Smoke The Monster Out
Damian Lazarus
Comme un pied de nez à l’incroyable surpopulation de la scène électronique, une fois venu le temps pour les grands producteurs de passer sur format long, ceux-ci ne se privent pas de prendre leur auditorat à contre-pied en proposant des contenus aussi inattendus qu’excitants. Prenez Trentemoller et son incroyable The Last Resort ou encore Matthew Dear et sa perle techno-pop Asa Breed, deux disques qui ont défié les lois de leur milieu pour mieux s’affirmer comme indispensables. C’est maintenant au tour de Damian Lazarus de venir titiller la chronique en présentant un Smoke The Monster Out tout chaud tout beau. En patron exemplaire de l’écurie Crosstown Rebels (Dinky, Dan Berkson, Jamie Jones, Jennifer Cardini, Kiki, Minilogue, Pier Bucci ou encore Seth Troxler), l’Anglais n’a pas dû disposer d’une tonne de temps pour envisager son premier album sereinement.
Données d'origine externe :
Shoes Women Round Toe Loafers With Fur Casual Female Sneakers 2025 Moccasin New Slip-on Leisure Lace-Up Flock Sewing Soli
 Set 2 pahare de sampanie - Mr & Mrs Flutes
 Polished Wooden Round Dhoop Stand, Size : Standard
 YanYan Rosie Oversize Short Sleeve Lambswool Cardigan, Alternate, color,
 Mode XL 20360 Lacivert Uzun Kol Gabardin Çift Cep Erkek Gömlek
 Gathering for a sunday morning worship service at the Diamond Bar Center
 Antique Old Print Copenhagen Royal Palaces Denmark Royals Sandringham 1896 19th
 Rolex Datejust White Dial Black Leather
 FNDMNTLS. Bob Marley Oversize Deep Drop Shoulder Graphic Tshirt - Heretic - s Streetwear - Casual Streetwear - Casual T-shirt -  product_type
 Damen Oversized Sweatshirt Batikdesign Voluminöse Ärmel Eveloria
Pourtant, exilé temporairement sur Get Physical (label des trublions de Booka Shade), Damian Lazarus nous dévoile un album qui s’apparente plus à un bestiaire pop qu’à une aventure de techno tellurique. Et il faut bien dire que le passage de Damian aux pays des merveilles est une réussite incontestable : les lapins pédophiles (« Memory Box ») côtoient les oursons alcooliques (« Diamonds In The Dark ») et les nouveaux Jean-Michel Jarre (« Lullabies ») font la loi dans un monde ou indie techno, deep house et pop « tout-sauf-classique » se sont donné rendez-vous pour mieux combiner dans le malsain. Alors dans ce nouveau zoo, on y chante, et plutôt bien même (« Neverending », « Moments », « It’s Raining Today »), comme si Björk apprenait à chanter à de grands drogués. Les belles mélodies sont de sortie, et il faut bien avouer que les monstres ici présents ne peuvent cacher leur fourrure pastel et leur haleine de fraise (bien planquée derrière l’odeur tenace de vodka) au moment de reprendre « Come And Play », clin d’oeil sympathique et osé au « Red Right Hand » de Nick Cave.
Parsemez tout cela d’interludes tragi-comiques, cultivez l’amour du tube techno-pop (« Neverending ») et vous vous retrouvez sans plus de mal devant un disque forcément brillant, inspiré et furieusement singulier. Le risque en voulant être partout à la fois est de finir nulle part, Damian Lazarus le sait et élargit le spectre sans jamais dénaturer ses racines house et techno, marchant comme un funambule afin de libérer un disque audacieux et instinctivement tourné vers les honneurs. Comme si finalement, seuls les grands producteurs de musique house et techno étaient capables de nous pondre de telles pièces de pop électronique. Ah oui, j’allais oublier, n’oubliez pas la promotion qui entoure ce disque : « Pour tout achat d’un Smoke The Monster Out, recevez un panda anxiolytique en cadeau », voilà qui devrait plaire à belle-maman.